=== Section Start ===

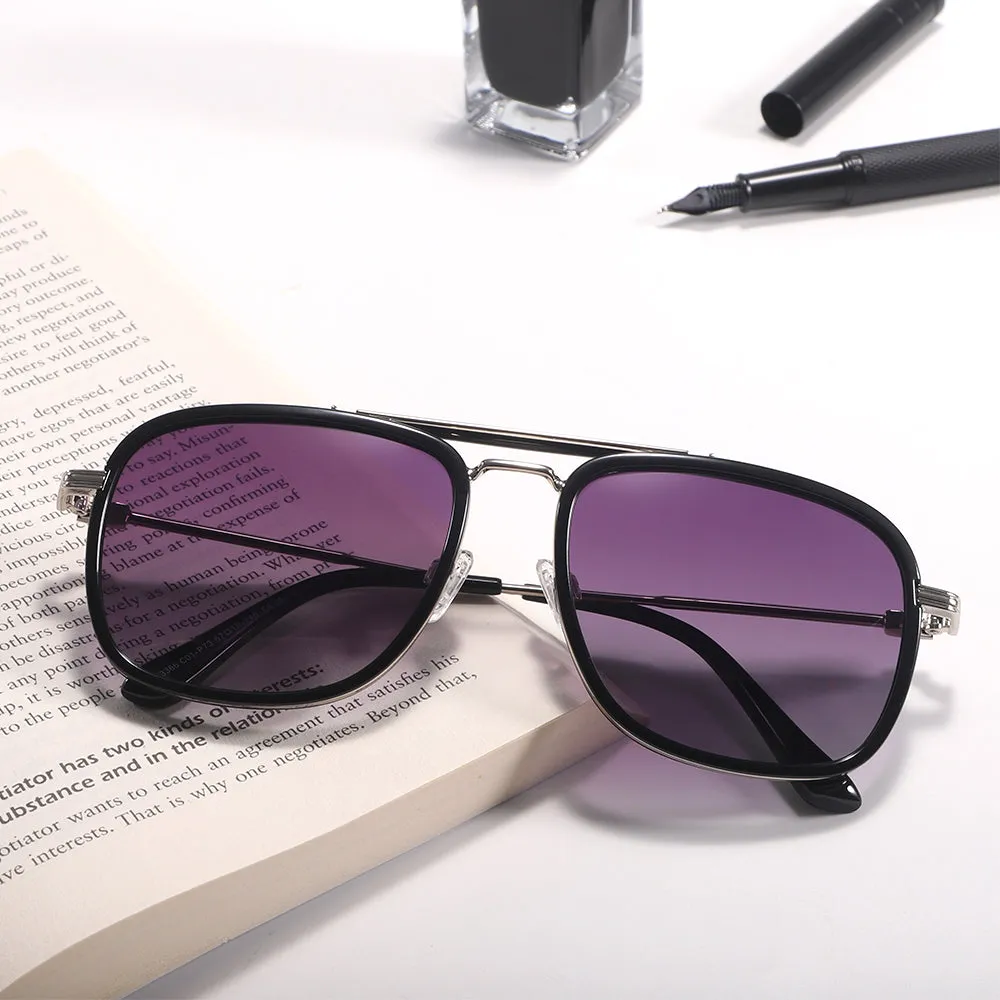 Dollger Square Aviator Black Sunglasses sold by Dollger product image thumbnail 2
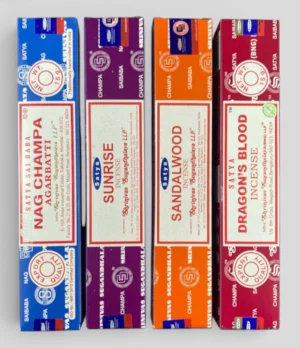 Satya incense sticks 15g boxes in assorted fragrances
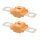 2 x Leistungssicherung Streifensicherung Midi / orange / 30A / 58V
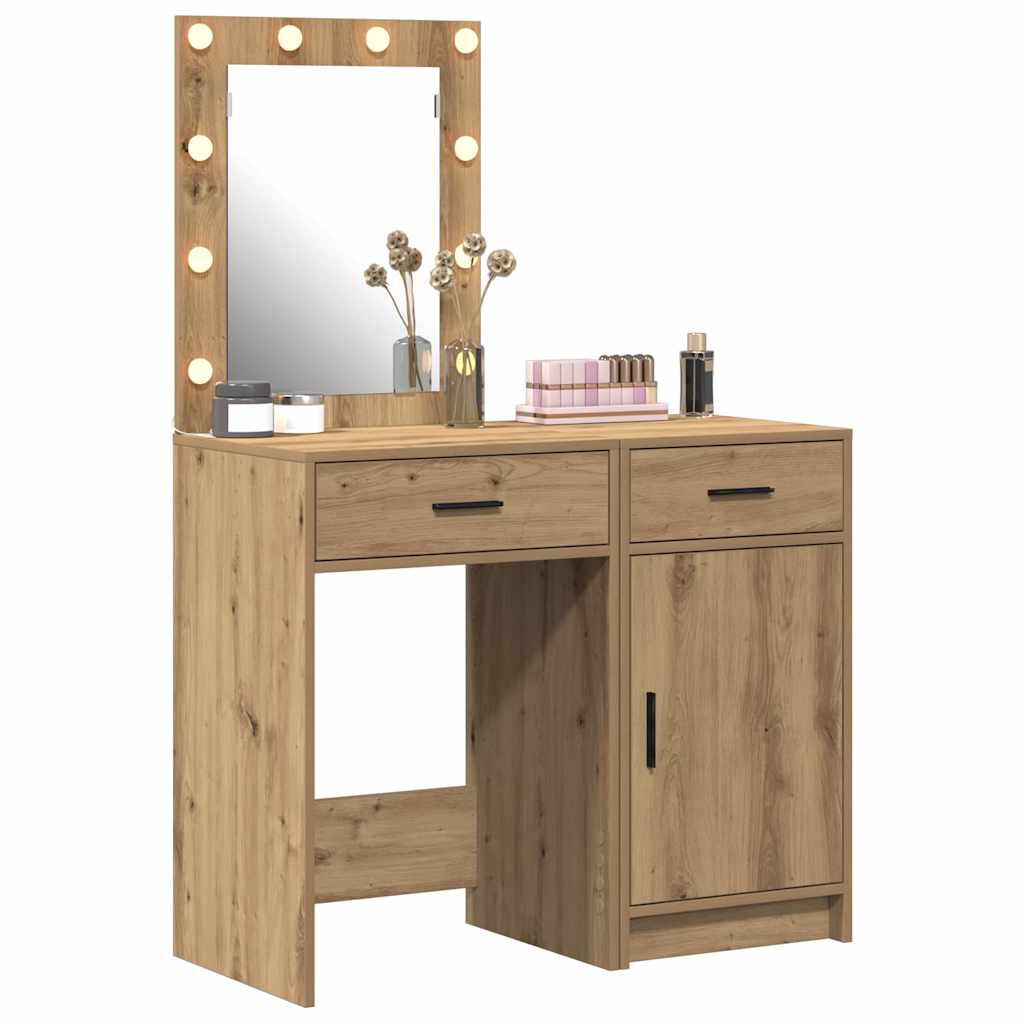 vidaXL Toaletka 2 pcs Brązowy 50 x 41 x 135 cm Materiał drewnopochodny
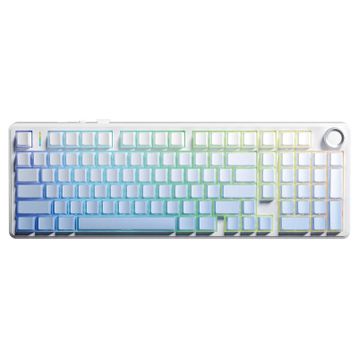 Aula F99 Pro Gradyan Mavi 3 Modlu RGB Hot Swap Mekanik Nimbus V3 Switch Kablosuz Makrolu Gaming Klavye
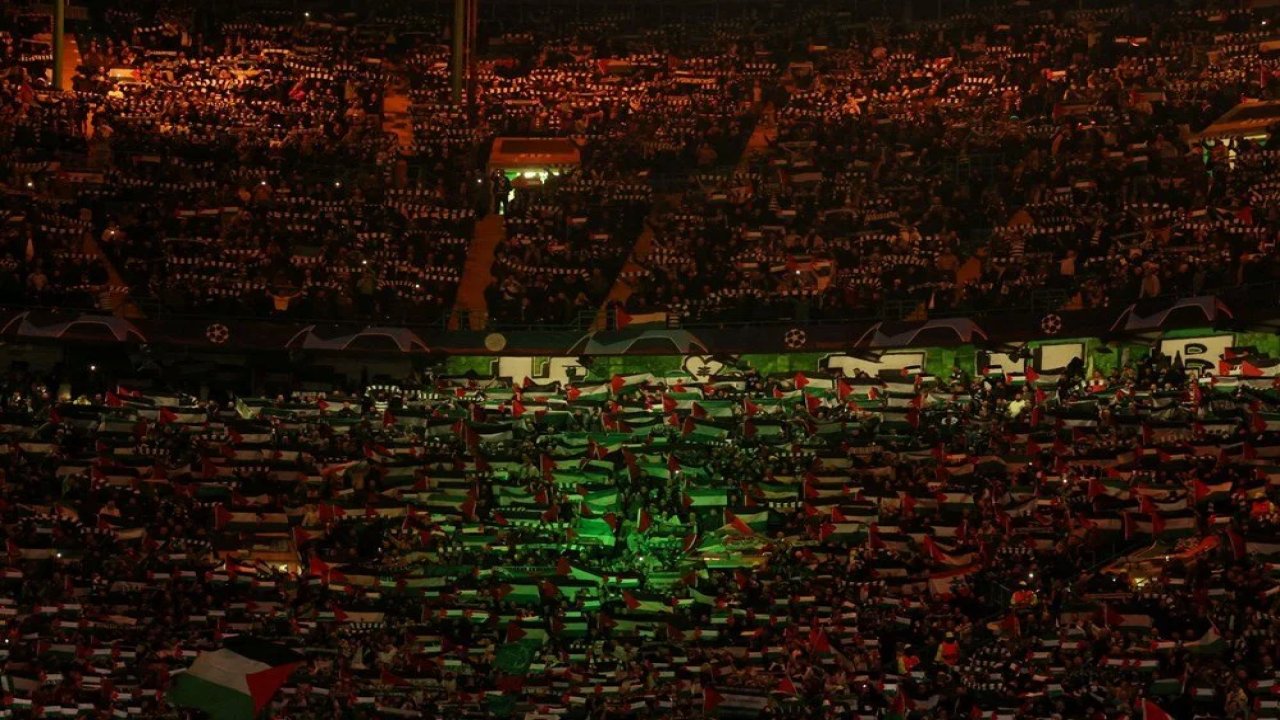 celtic taraftarını yasak bile engelleyemedi geceye damga vurdular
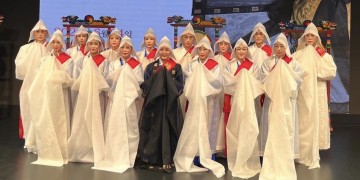 휴스턴 한인농악단 허현숙 단장, 한국에서 승무 공연 참여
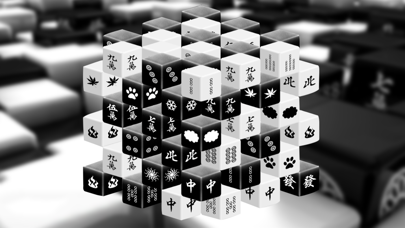 Screenshot #3 pour Black & White Mahjong 3D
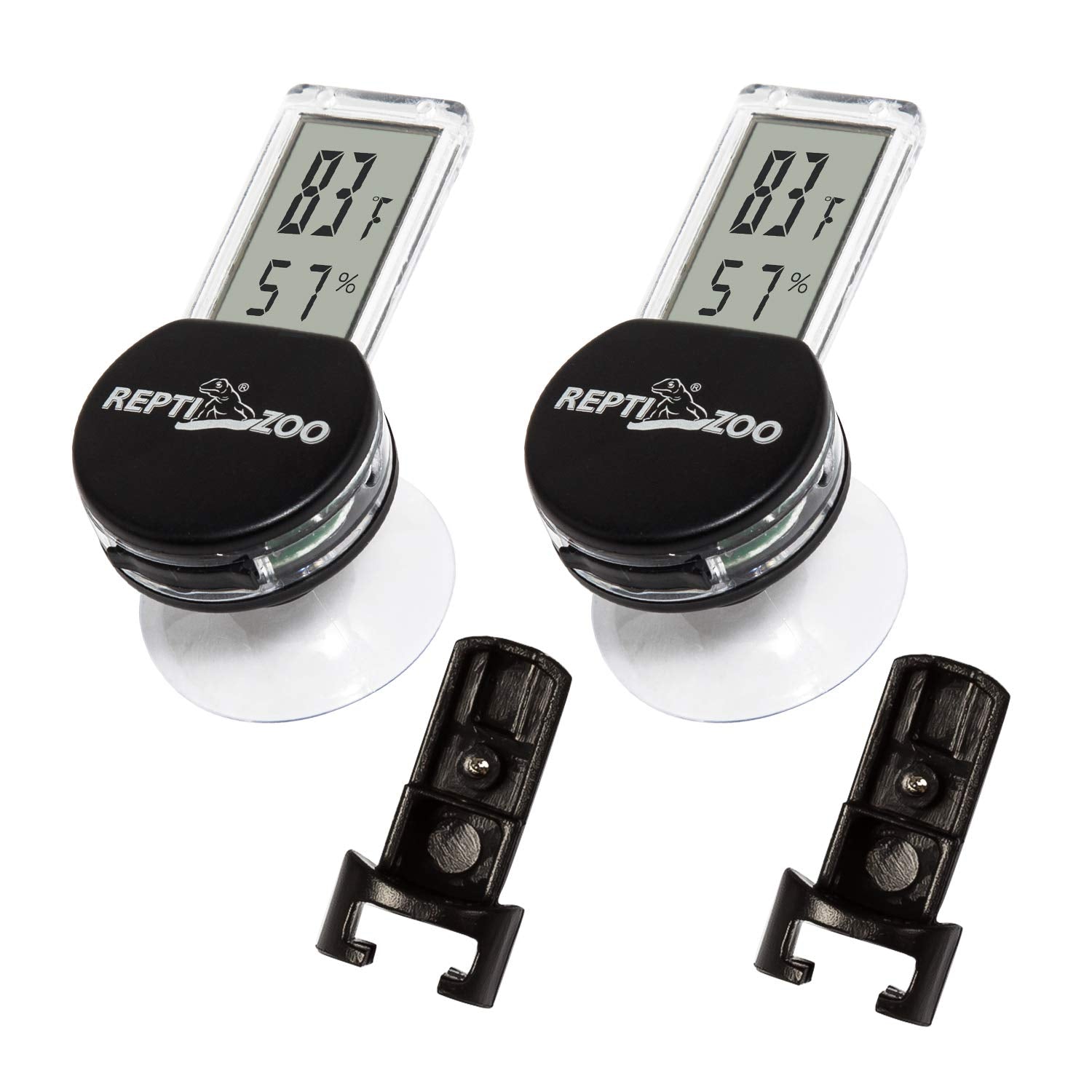 REPTI ZOO thermometer hygrometer front view for accurate terrarium climate monitoring.
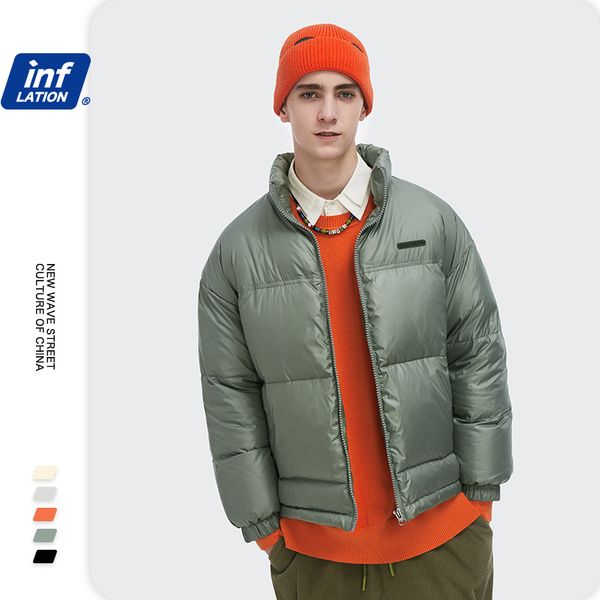 inflation solid color down jackets mens winter thick warm stand collar loose fit classic down puffer jacket men outwear 2544w 201204, Black
inflation solid color down jackets mens winter thick warm stand collar loose fit classic down puffer jacket men outwear 2544w 201204, Black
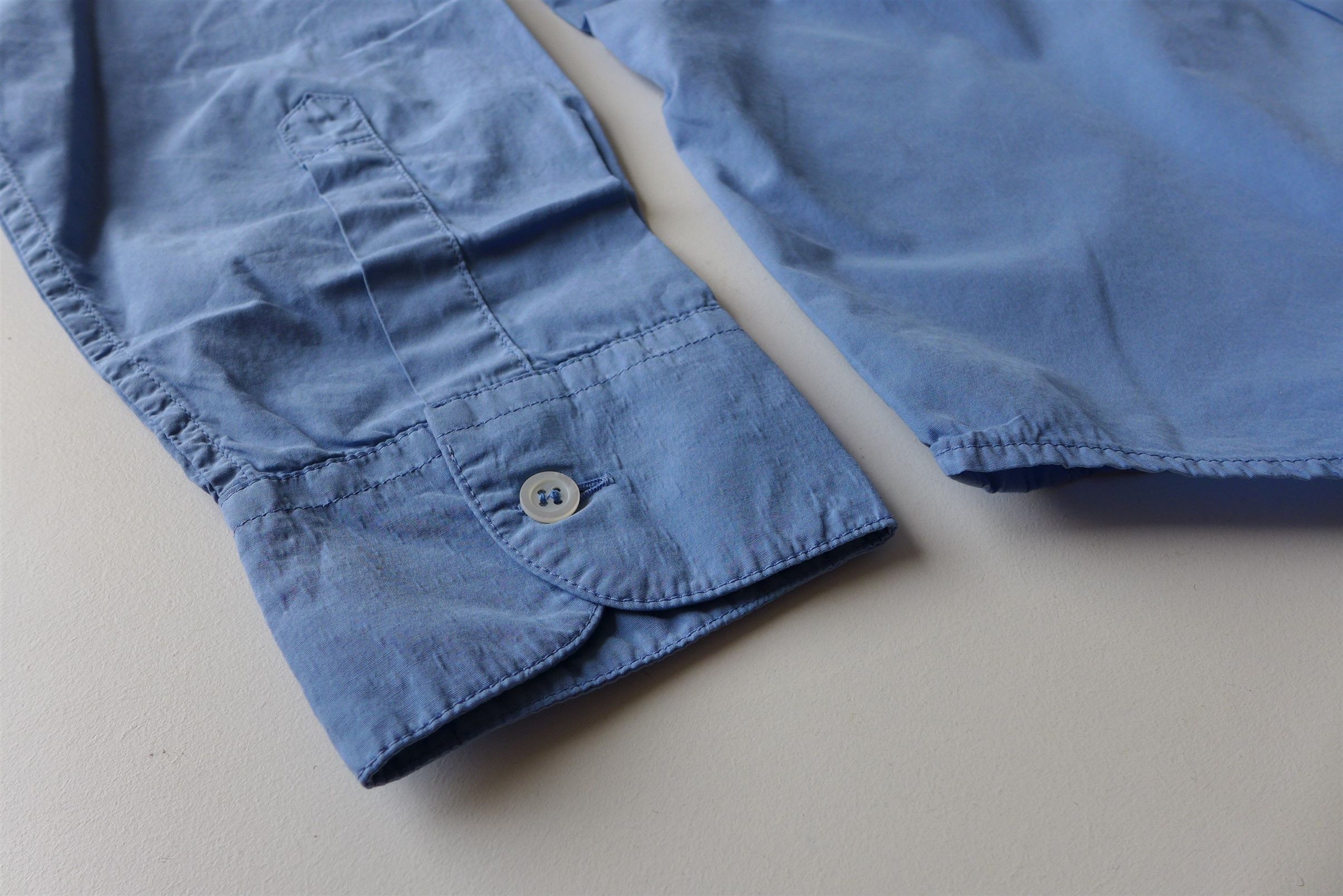 Barena Barena Coppi Supio Shirt -- Sky Blue Cotton Size US L / EU 52-54 / 3 - 13 Thumbnail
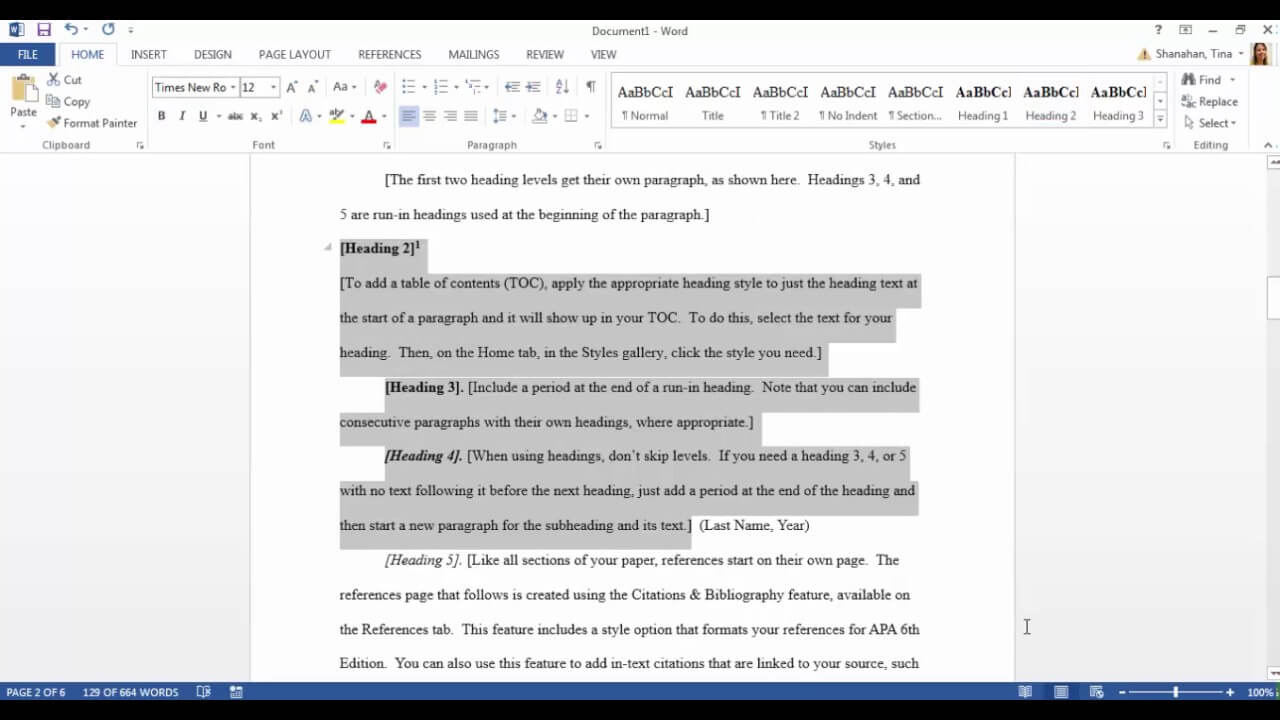 Apa Template In Microsoft Word 2016 For Apa Template For Word 2010
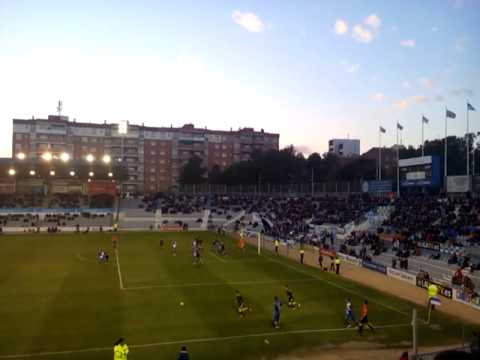 Gol anulado a Anibal en el CE Sabadell - Zaragoza (2015)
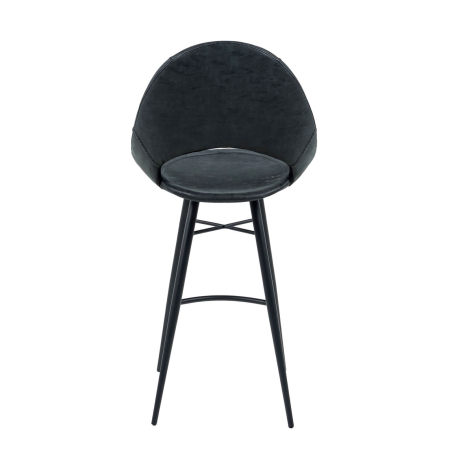 Isidore - Tabouret snack design avec coque ajourée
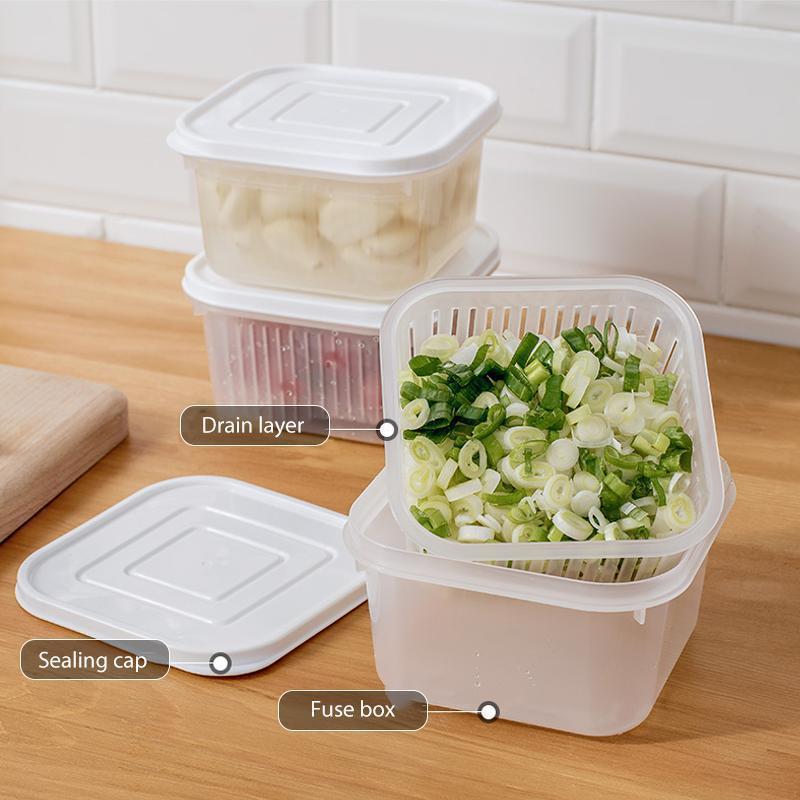 skorter | Transparent Double-Layer Sealed Storage Box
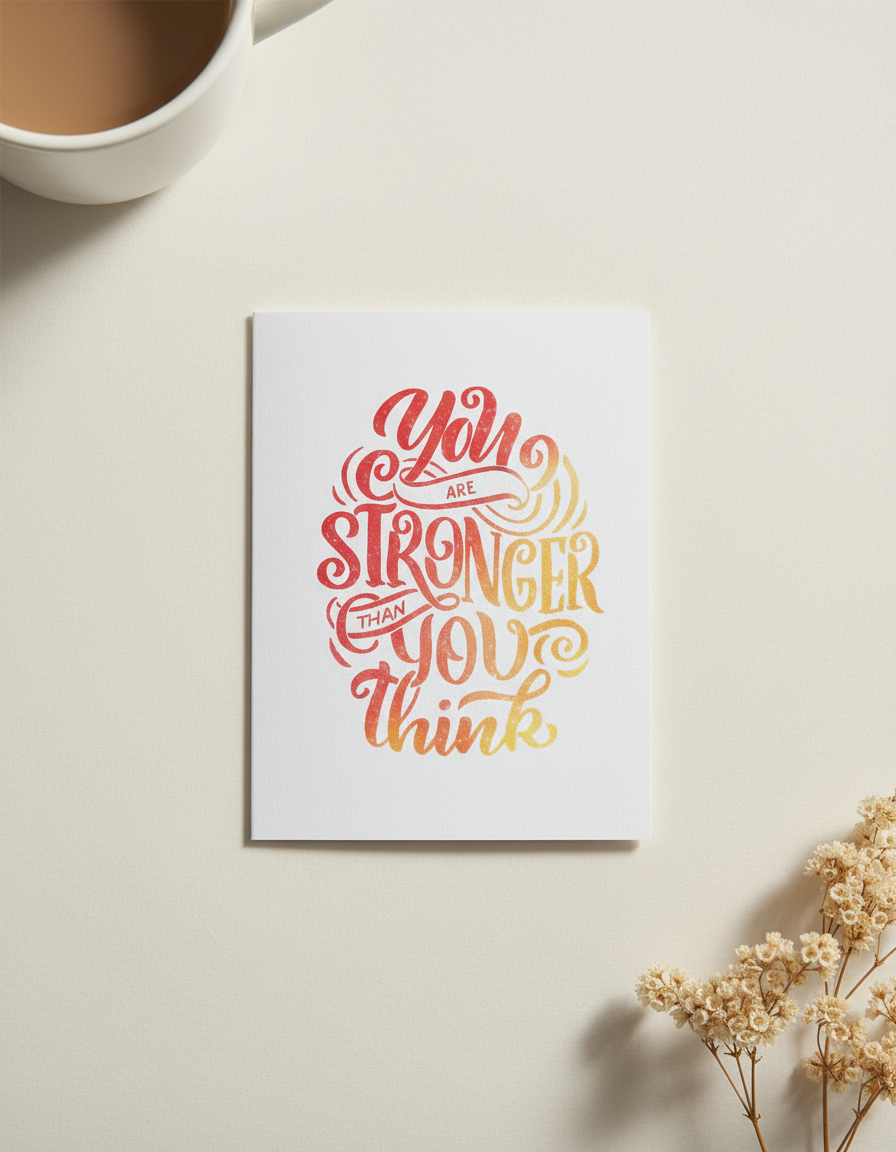 Stronger Than You Think Card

=== Section End ===

# TASK ITEM:
Through the line containing "vidaXL Toaletka 2" and no further, restate the data above word for word from its first line, leaving out pictures.

# ANSWER BELOW:
 Dollger Square Aviator Black Sunglasses sold by Dollger product image thumbnail 2
 Satya incense sticks 15g boxes in assorted fragrances
 2 x Leistungssicherung Streifensicherung Midi / orange / 30A / 58V
 vidaXL Toaletka 2 pcs Brązowy 50 x 41 x 135 cm Materiał drewnopochodny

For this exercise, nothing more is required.